One of four games held at this month's meeting of the DWG featured Steve M's AWI collection being played using Stand to Games, 'Rise and Fight Again' (RAFA) in a Guilford Courthouse style scenario that sees General Cornwallis try and batter his way through serried lines of American militia before having to tackle the American Continental battalions awaiting them on a hill at the back of the battle lines.
Last month Steve and I ran a play test of our newly acquired rule sets to acquaint ourselves with the differences this set offers versus the Napoleonic 'Over the Hills' set (OTH) and as you will see from the post covering our test game, both came away enthused with the changes.
JJ Wargames - Rise & Fight Again
So with a first run through under our belts it was time to take the new set of rules to the Devon Wargames Group and 'road test' them properly under club conditions, managing a full afternoon club game with two players aside all very unfamiliar with OTH or RAFA.
|View from the American rear with four battalions of Continentals on the hill|
The table above and below shows both forces arrayed for battle with Cornwallis' Redcoats arrayed in a single line either side of the road facing off three lines of militia and continentals, that is until the British decided to shift their attack focus to the British left rather unbalancing the American set up, however the Americans seemed content so off we went.
As in our test game we were using the Napoleonic brigade and army moral cards with dice to overall record fatigue loss and micro dice on the table to capture unit fatigue loss.
|The British line set up and ready to go|
As per most games of Guilford Courthouse I have played both sides contented themselves plying each others forward units with roundshot as the two lines closed and seeing the occasional gun run short of ammunition and much fun had testing penetration as ball shot found its way into rear ranks.
|Just give me two good volleys|
Feeling the discomfort of the British refusing their right flank the American militia and left flank riflemen attempted to reposition their lines amid the field fence rails to try and flank the British approach only to discover the joys of attempting to manoeuvre militia which only got more complicated as the enemy got closer.
To bolster the militia move a few mounted dragoons joined the turning attempt only to find the British gunners supported by some Guard Grenadiers reposition and greet the American advance with some well laid roundshot
|The lines close as the gunners cause early losses|
All the messing about on the British right flank was only a warm up for the start of our battle as the British left closed in on the first line of militia and received the first of about three volleys to greet their arrival; with most of the militiamen resting their muskets on the fence rails to try and make as many of their shots count, as possible.
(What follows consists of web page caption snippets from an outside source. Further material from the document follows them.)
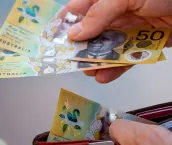 Hands holding wallet with Australian dollars and make a payment - Coronavirus finance struggle concept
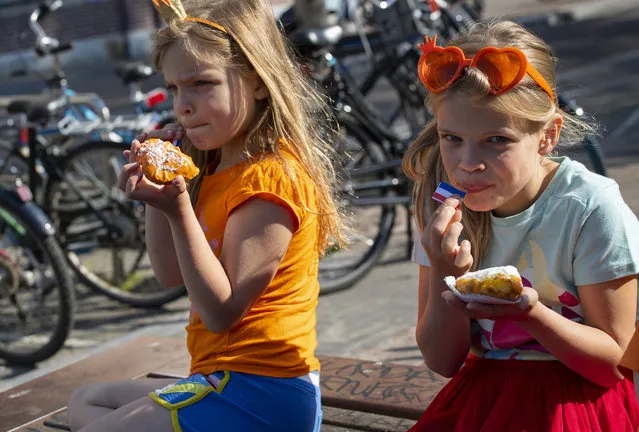 Two girls enjoy traditional King's Day pastry in Amsterdam, Netherlands, Monday, April 27, 2020. The Dutch national birthday party was a muted affair, dubbed King's Day at Home because of coronavirus restrictions, a far cry from the usual nationwide celebration with street parties. (Photo by Peter Dejong/AP Photo)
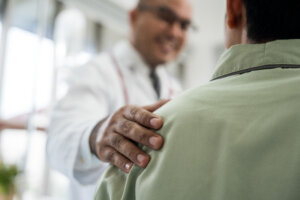 Doctors encourage patients recovery service. Doctors treat patients diseases. Life and health insurance. Advice to young man consulting about treatment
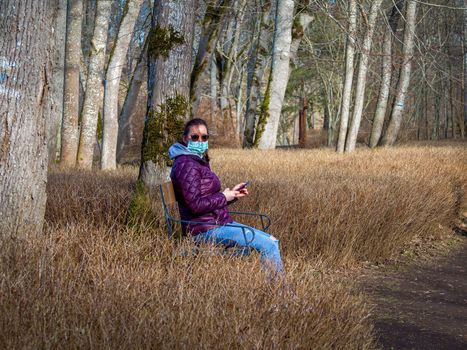 Lady and coronavirus protection. Sad Woman sitting alone on bench in park wearing mask to avoid infectious. Corona virus, or Covid 19, is spreading all over the world. Receives bad news on her phone.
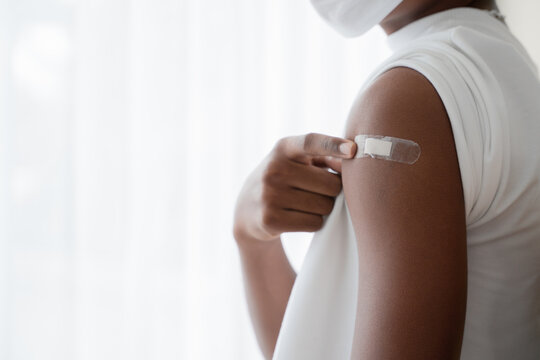 Selective focus on medicated plaster stuck on upper arm of dark skinned man wear mask pointing at plaster. White background. Concept for people to get vaccinated to prevent corona virus.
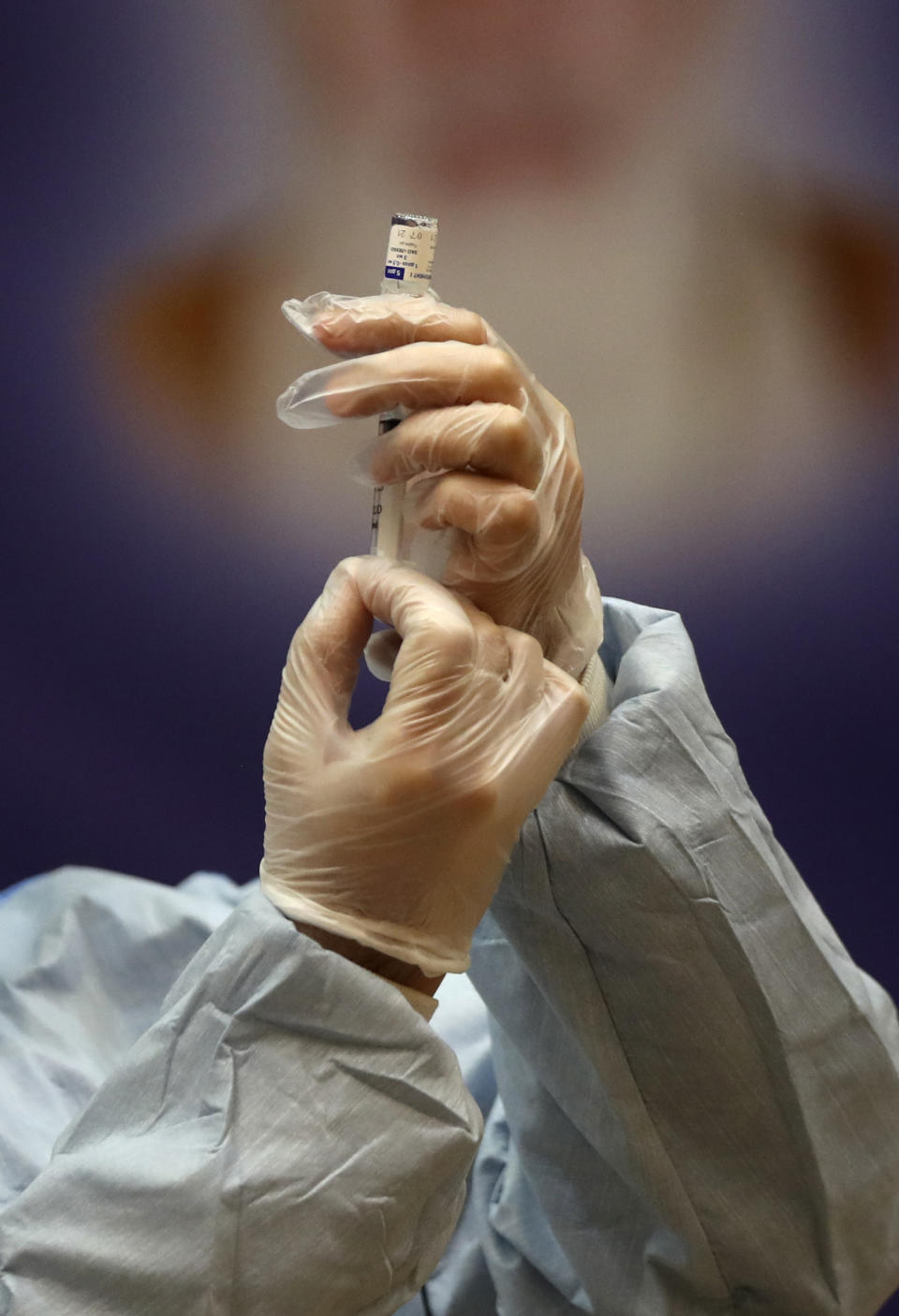 FILE — In this Feb. 9, 2021 file photo, a medic prepares a shot of Russian Sputnik V coronavirus vaccine for injection in a staged event at Imam Khomeini hospital in Tehran, Iran. Iran has finalized a deal with Russia over purchasing 60 million doses of the Sputnik V Coronavirus vaccine, state-run IRNA news agency reported Thursday, April 15, 2021. (AP Photo/Vahid Salemi, File)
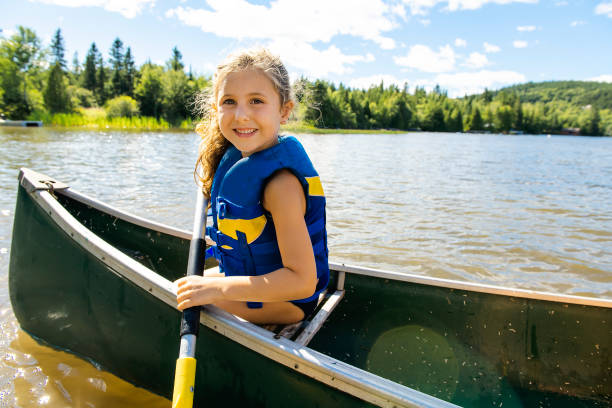 niño feliz disfrutando el paseo en canoa en río hermoso - kayak canoeing canoe lake fotografías e imágenes de stock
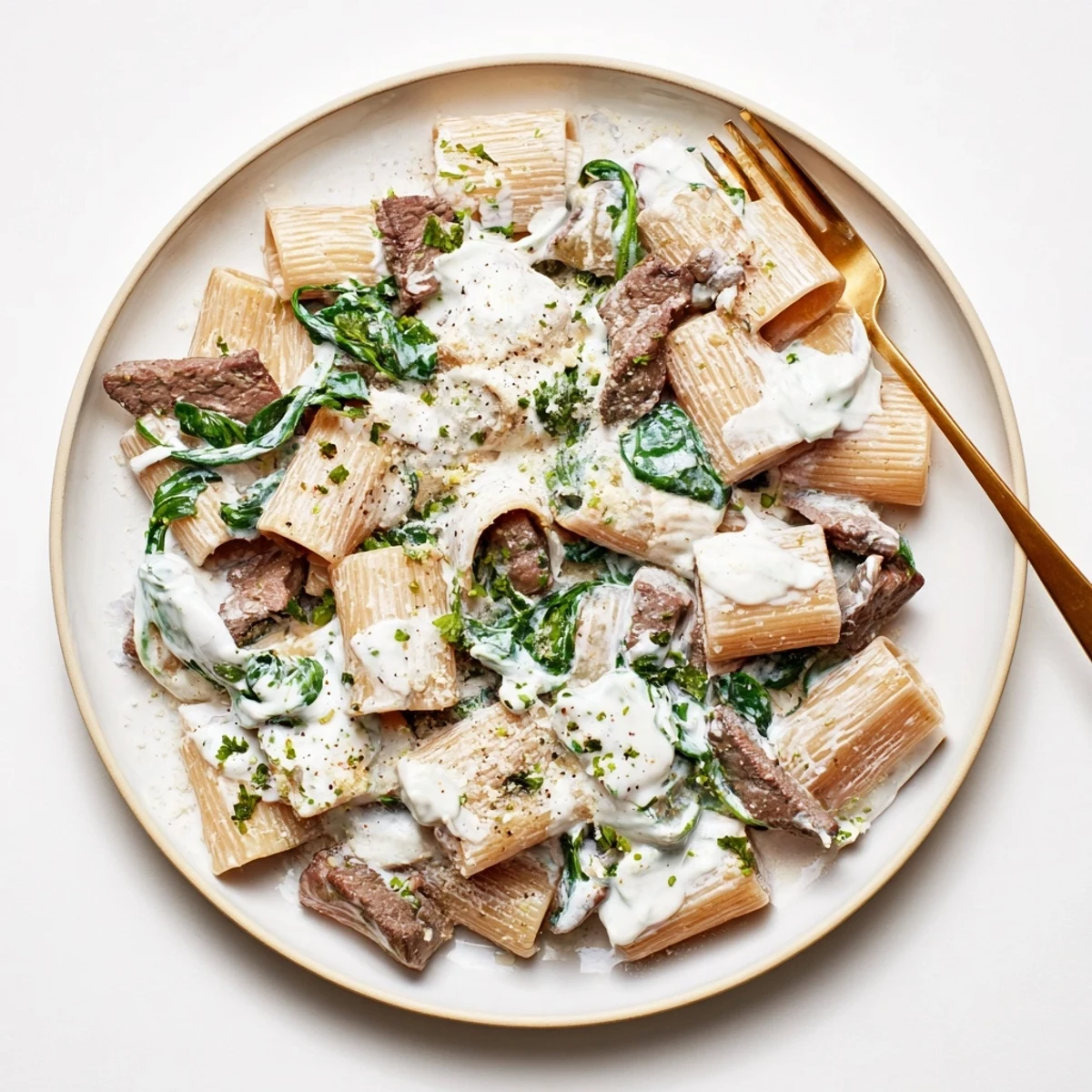 Creamy high protein beef pasta featuring tender sliced beef in a rich white sauce with wilted spinach
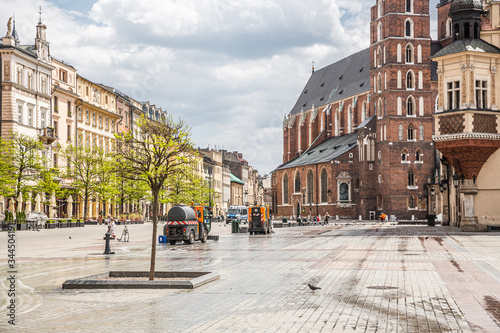 Almost empty Krakow Market Square in the time of pandemia (Coronavirus - Covid-19). Machines disinfect the surface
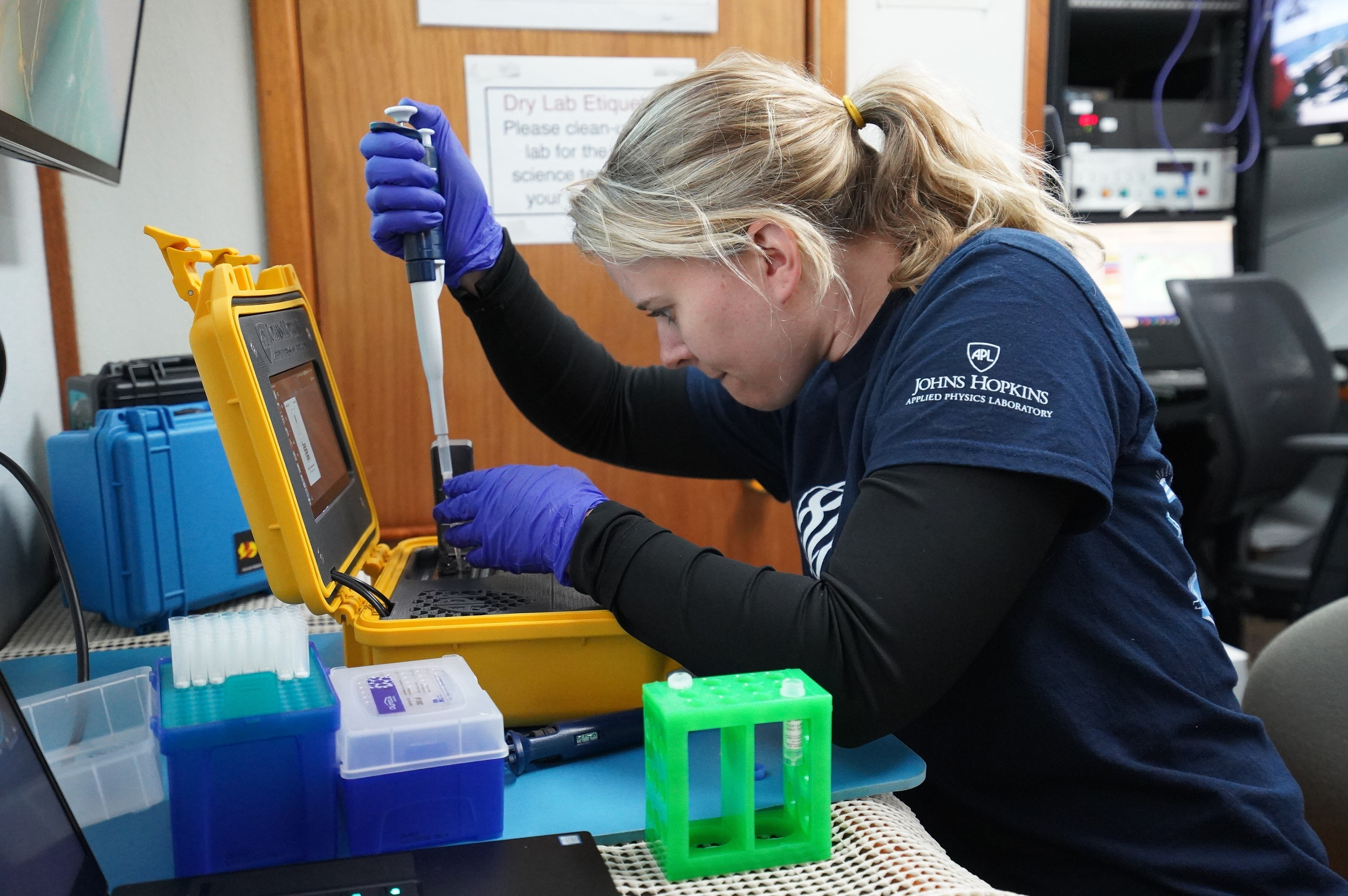 Hayley DeHart, a genomics research scientist at APL, loads water samples into a sequencer
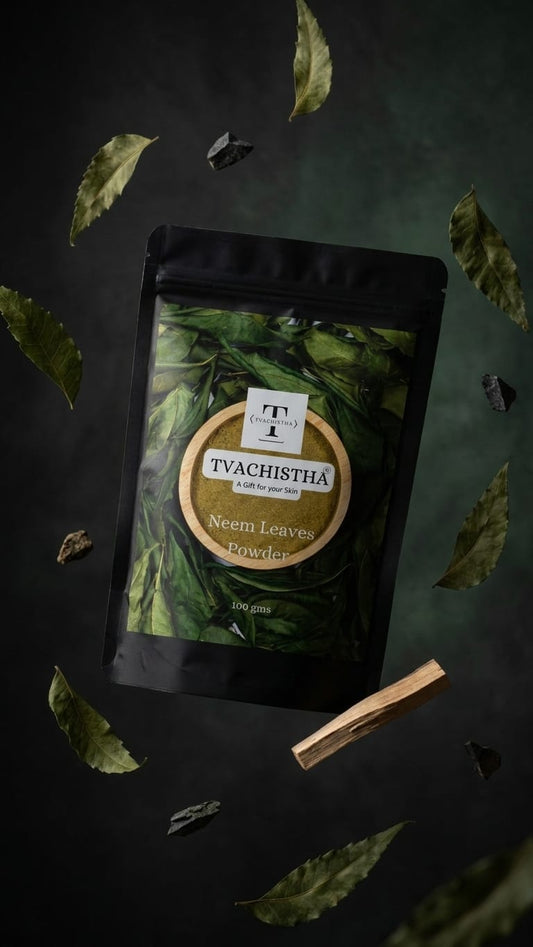 A premium black pouch of Tvachistha Neem Leaves Powder displaying its pure antibacterial texture for acne and dandruff care.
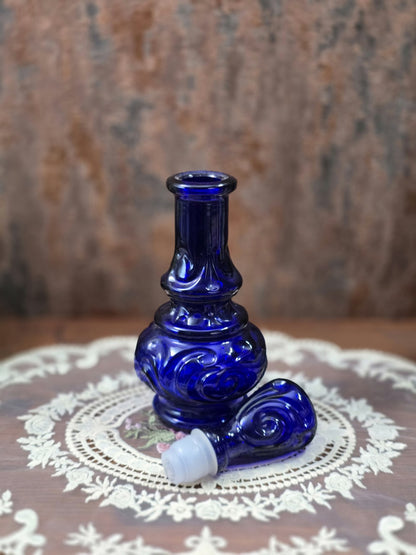 Vintage Glasflakon aus blauem Reliefglas mit abgenommenem Stopfen und sichtbarer Flaschenöffnung in leicht gedrehter Produktansicht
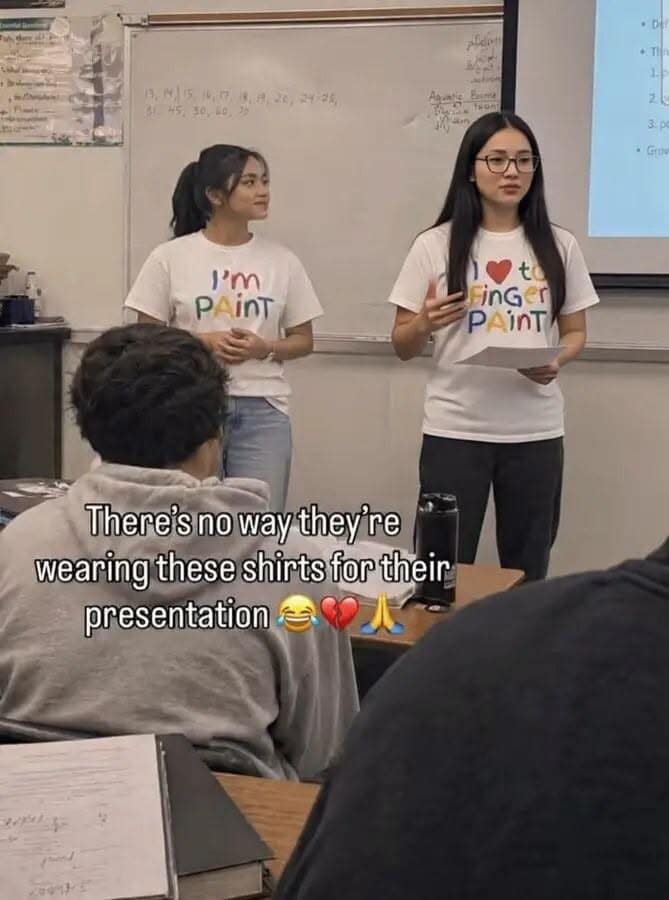 A viral meme dump photo showing two students giving a classroom presentation wearing matching white t-shirts that, when standing together, create a hilariously and accidentally inappropriate sentence about "finger painting."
|Highland infantry taking American roundshot and an early FS loss signified by the red micro-dice|
However with morale ratings of a Fatigue Score (FS) of 4 it didn't take long for one militia unit to go 'wavering' on FS 2 and one to rout on FS 1.
The British line seemed to savour the prospect of an easy win with the 71st Highlanders ignoring the FS 3 lost on their approach as they charged in against the militia to their front on the fence railings.
|British redcoats advancing in open order supported by Tarleton's cavalry|
To their credit the militia stood the charge and managed to get off one more loose volley before being hit by the vengeful Scots who were forced to fight two rounds of melee having only won the first round by one extra casualty.
The militia lacking bayonets were beaten soundly on the second round of combat and their casualty count took their brigade over the FS total causing all their remaining units to be removed from the table.
|In go the Highlanders|
The British line surged forward through the trees as the second American line started to step back with snarling highlanders crashing forward to their front and Tarleton's Legionary cavalry feeling out the right flank of the American line.
|The charge proved to much for the militia and the ground was taken|
As the middle line started to grapple with the British we stopped our game. We ended up playing later than normal, as the day included our Annual General Meeting but we must have played about ten or twelve moves in the game with all the players clearly getting the play sequence and methods for resolving firing, combat and morale tests with less input from either Steve or myself.
In addition the rules only reinforced our first impression seemingly to really capture the feel of an AWI game which was very encouraging.
It would have been nice to have seen the Guards going up against the four battalions of continentals but that little contest will have to await future games, but the interesting aspect was that both sides army morale states were closely tracking the other with a slight advantage resting with the Americans by about five FS in their favour but with both armies fatigued down from scores of about FS 45 to about FS 25 at the close of play.
This close score suggests a really tight outcome with the result still favouring the American force but still causing them to vacate the field of battle, with history repeated.
For a couple of our players this was the first run through of the Stand to Games, game engine of Fatigue that is common to their three rule sets covering Napoleonics, AWI and ACW and with ACW in mind they were keen to see how FS was used to moderate the game.
By common consent all the players had a good time playing RAFA and as game moderators running the rules for the first time we both found them pretty straight forward giving lots of flavour with little complication all be it we had to keep ourselves occasionally from interpreting a situation with OTH in mind.
Thank you to Steve M for pulling the scenario together and bringing the toys along and to Steve L, Mr Steve, John and Si for providing a very entertaining days gaming.